= Bateman-Mukai method =

Method for describing the mutation rates for genes through the observation of phenotypes

In genetics, the Bateman–Mukai method, sometimes referred to as the Bateman–Mukai technique, is a traditional method used for describing the mutation rates for genes through the observation of physical traits (phenotype) of a living organism. The method involves the maintenance of many mutation accumulation lineages of the organism studied, and it is therefore labor intensive.

== Origin ==
The foundational papers from which this method gets its name were conducted by geneticists A. J. Bateman in 1959 and T. Mukai in 1964. Bateman used an early form of this method to understand how radiation affects the survival of chromosomes due to radiation induced mutations. Mukai's experimental design largely followed the design of Bateman's study, but rather than inducing mutations via any external factor, the study aimed to describe the spontaneous naturally occurring deleterious mutation rate of the common fruit fly.

== Procedure ==
The method requires the establishment of many mutation accumulation lineages using within line breeding of diploid organisms. These lines are maintained in a favorable environment for deleterious mutations to accumulate so that they are not to be purged by natural selection: excess food and other resources are kept available to eliminate competition, and the parents of the next generation are chosen at random without any regards to fitness. Importantly, in this way, mutation accumulation experiments attempt to describe the true mutation rates that would be observed in the absence of natural selection.

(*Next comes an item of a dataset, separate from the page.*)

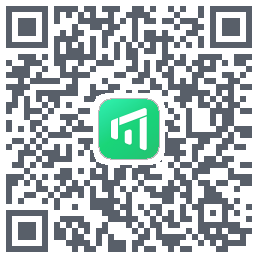菜小秘P QRcode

Asexually reproducing organisms can simply have a single parent selected as the parent for the next generation of each line. In sexually reproducing organisms, measures must be taken such that researchers can be sure that mutations are inherited by future generations of the mutation accumulation lines. The use of a balancer gene can be implemented towards this end. In the Mukai experiment, male flies homozygous for the wild type chromosome 2 were always mated with female heterozygotes for the Pm/Cy balancer gene that produces an observable phenotype in the wings, with homozygous Pm/Cy being lethal. This ensures that researchers can select for organisms that do not exhibit the phenotypic trait of the balancer gene, which in turn means that only wild type chromosomes will be passed down to the next generation. In this way, in sexually reproducing organisms, any spontaneously occurring mutations that occur in the mutation accumulation line should have a random chance, due to the independent assortment, of being fixed in the next generation of the line.

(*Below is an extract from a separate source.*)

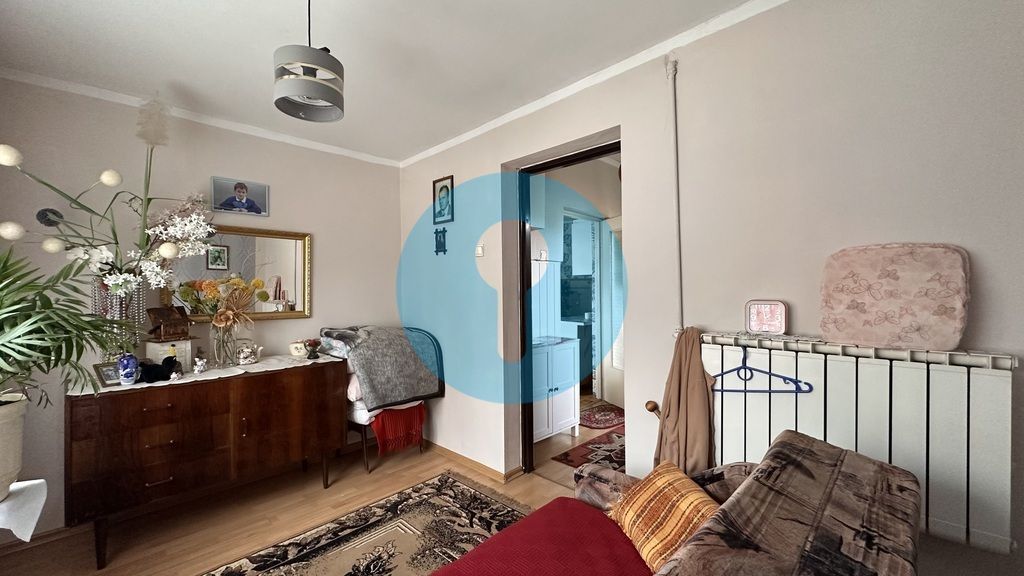 dom wolnostojący, 3 pokoje Kielce Białogon, ul. Pańska. Zdjęcie 10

The main measurements that are derived from results of a Bateman–Mukai method are: the deleterious mutation rate, $U$, and the average selection coefficient, $E(a)$, although these must be derived from phenotype observation. $U$, which is specifically the mutation rate for a single copy of a gene is derived from the assumption that deleterious mutations are randomly fixed and from the nature of the diploid organisms, which have two copies of each gene. So the mutation rate from both copies, $2U$, multiplied by the population of the line, $p$, with the assumption of random fixation gives that the deleterious mutation rate,$U = (p2U/p2)$, such that each mutation per line per generation directly counts towards the mutation rate. By tracking the quantitative deleterious change in a trait delta M (ie. number of offspring), the mutation rate can be defined within one line as: $\Delta M = UE(a)$.